From Thomas Esdall (excerpt):
Conservative religions have proved powerless to halt unwed motherhood, cohabitation and other trends that defy traditional morality — in part because these trends reflect the limited authority of the old order in the face of a global phenomenon known among researchers as the “second demographic transition.”
Regions as diverse as Europe, Japan, South America, Canada and the United States are undergoing a profound shift in fertility, reproductive attitudes and behavior. The changes include rejection of premarital virginity, social acceptance of single parenting, and the replacement of values stressing family obligation with values stressing personal autonomy.
I recently interviewed Ron Lesthaeghe, an eminent demographer and professor emeritus at the Free University of Brussels, who was in Washington last month for meetings at the National Academy of Sciences.

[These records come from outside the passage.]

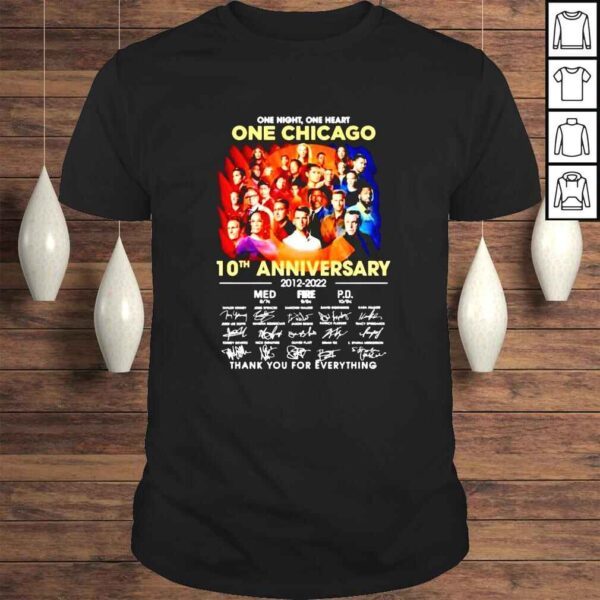 One night one heart one chicago 10th anniversary 20122022 thank you for everything signatures shirt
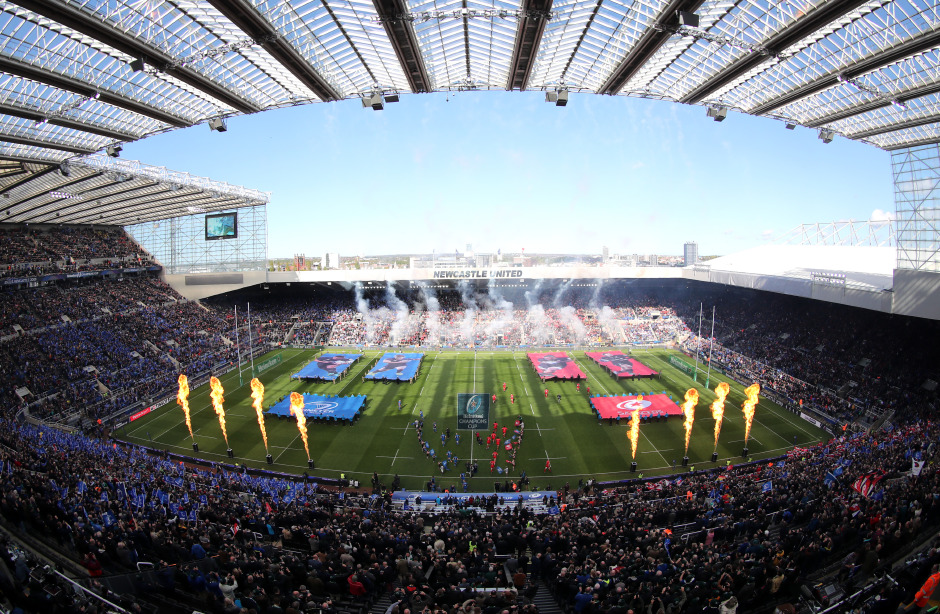 İngiltere Premier Ligi’nin En Unutulmaz 5 Stadyum Atmosferi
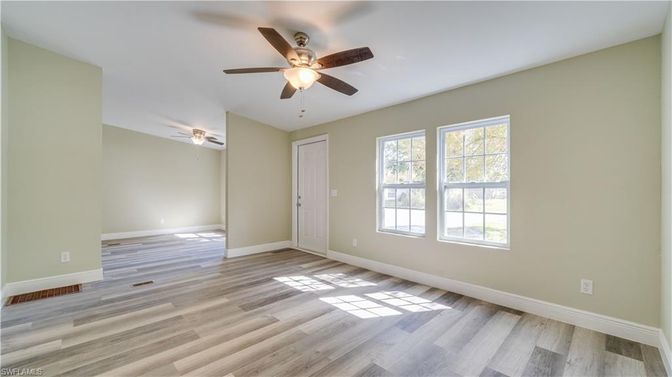 Empty room, Interior, Wood Texture Flooring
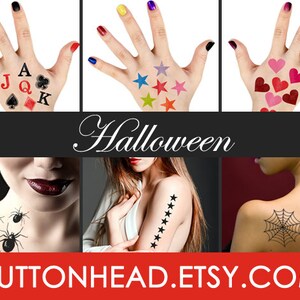Puede incluir: Una colecci&oacute;n de tatuajes temporales con s&iacute;mbolos de cartas de juego, estrellas coloridas, corazones, ara&ntilde;as negras, una fila vertical de estrellas negras y un dise&ntilde;o de telara&ntilde;a. La imagen incluye el texto Halloween y BUTTONHEAD.ETSY.COM.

Lesthaeghe describes the current transition as follows: “Marriage gives way to cohabitation. In the 1960s, it’s income and education, it’s an educated elite that opens the door. But you can see that once the phenomenon is legitimized, it becomes an open story for everybody who thinks it’s advantageous.”
The problems of majority black Baltimore are extreme, but many of the trends found there are as extreme or more so in majority white Muskogee.

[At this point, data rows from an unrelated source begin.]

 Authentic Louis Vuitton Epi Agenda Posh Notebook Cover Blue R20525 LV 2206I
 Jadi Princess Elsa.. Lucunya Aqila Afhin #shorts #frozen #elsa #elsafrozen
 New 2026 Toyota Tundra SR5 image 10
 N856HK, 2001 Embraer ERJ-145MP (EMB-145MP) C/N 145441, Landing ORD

The Baltimore poverty rate is 23.8 percent, 8.4 points above the national rate, but below Muskogee’s 27.7 percent. The median household income in Baltimore is $41,385, $11,661 below the $53,046 national level, but $7,712 above Muskogee’s $33,664.
If conservatives place responsibility on liberal Democrats, feminism and the abandonment of traditional family values for Baltimore’s decay, what role did the 249 churches in and around Muskogee play in that city’s troubles?
The fact is that the poor and working classes of both races were not well equipped to adjust to changes in behavior driven by the sexual revolution and the second demographic transition – a collection of forces that are inexorably changing the family, marriage patterns and child rearing worldwide
Those who seek to exploit the transformation of reproductive norms for short-term political gain are tearing at the social fabric. The right willfully ignores the benefits, and the left willfully ignores the costs, of what is, for better or worse, a world of radically diminished moral constraint. It may be asking too much of the political process to resolve conflicts like these.